+++ Material supplied +++

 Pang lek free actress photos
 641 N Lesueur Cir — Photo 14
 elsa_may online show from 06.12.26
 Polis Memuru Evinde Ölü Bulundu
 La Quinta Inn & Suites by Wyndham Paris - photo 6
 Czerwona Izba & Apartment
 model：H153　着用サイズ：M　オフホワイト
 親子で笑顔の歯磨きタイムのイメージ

+++
+++ Material supplied +++

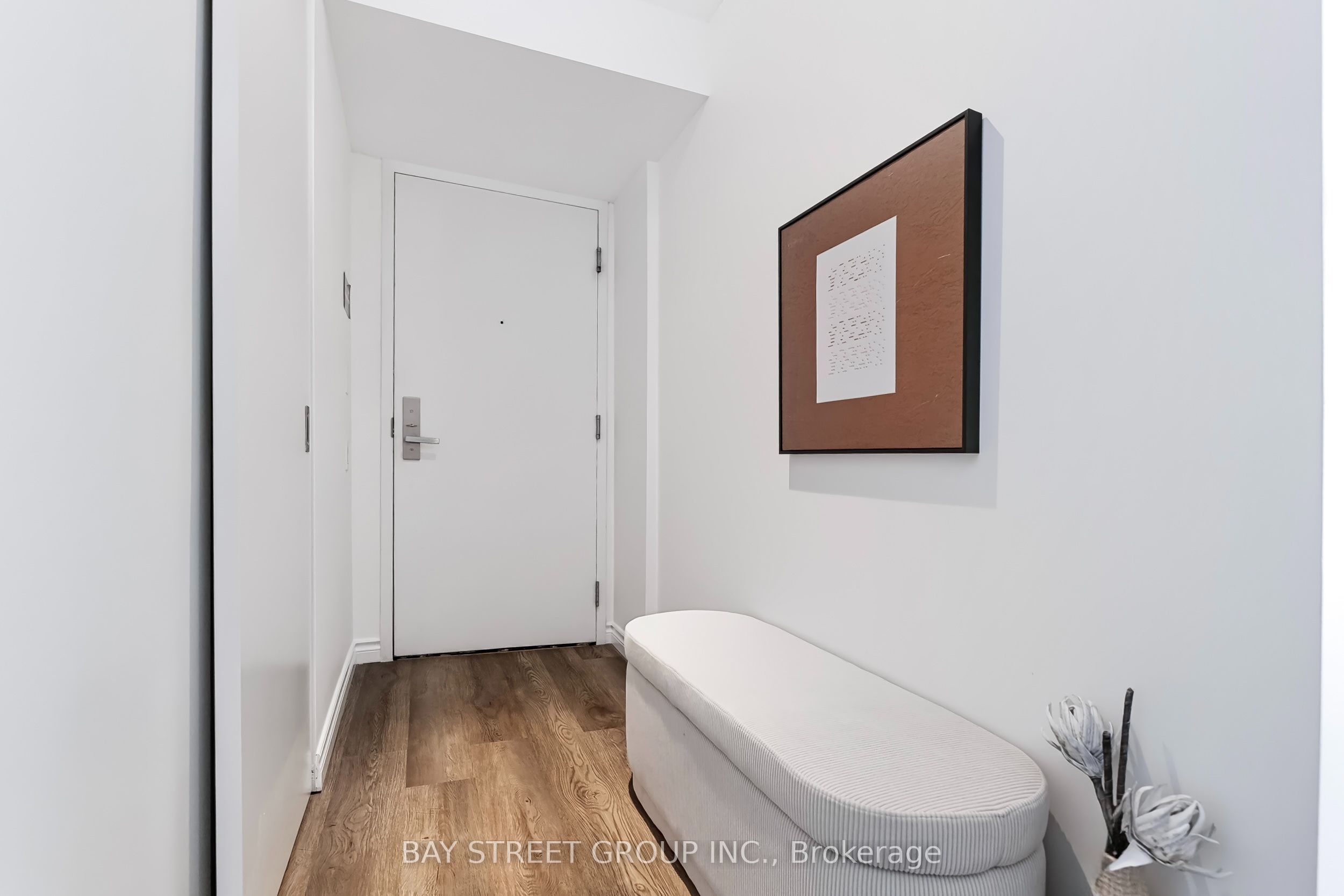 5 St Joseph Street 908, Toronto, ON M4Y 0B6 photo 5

+++
+++ Material supplied +++

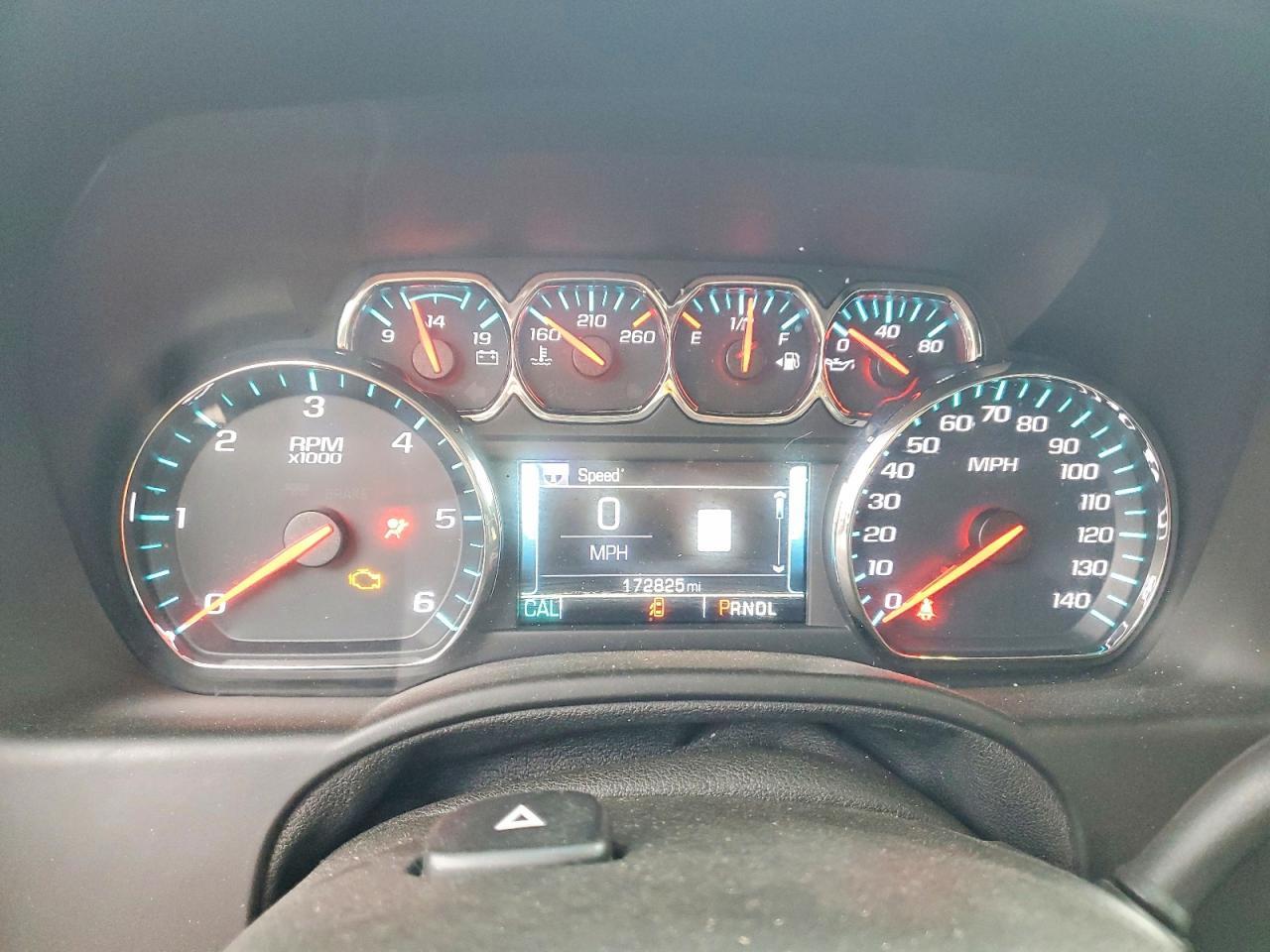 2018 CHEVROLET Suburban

+++

• The task: Given the records above, reproduce precisely and only the lines between the line holding "Pang lek free actress photos" and the line holding "親子で笑顔の歯磨きタイムのイメージ", inclusive.

• Response to this exercise:
 Pang lek free actress photos
 641 N Lesueur Cir — Photo 14
 elsa_may online show from 06.12.26
 Polis Memuru Evinde Ölü Bulundu
 La Quinta Inn & Suites by Wyndham Paris - photo 6
 Czerwona Izba & Apartment
 model：H153　着用サイズ：M　オフホワイト
 親子で笑顔の歯磨きタイムのイメージ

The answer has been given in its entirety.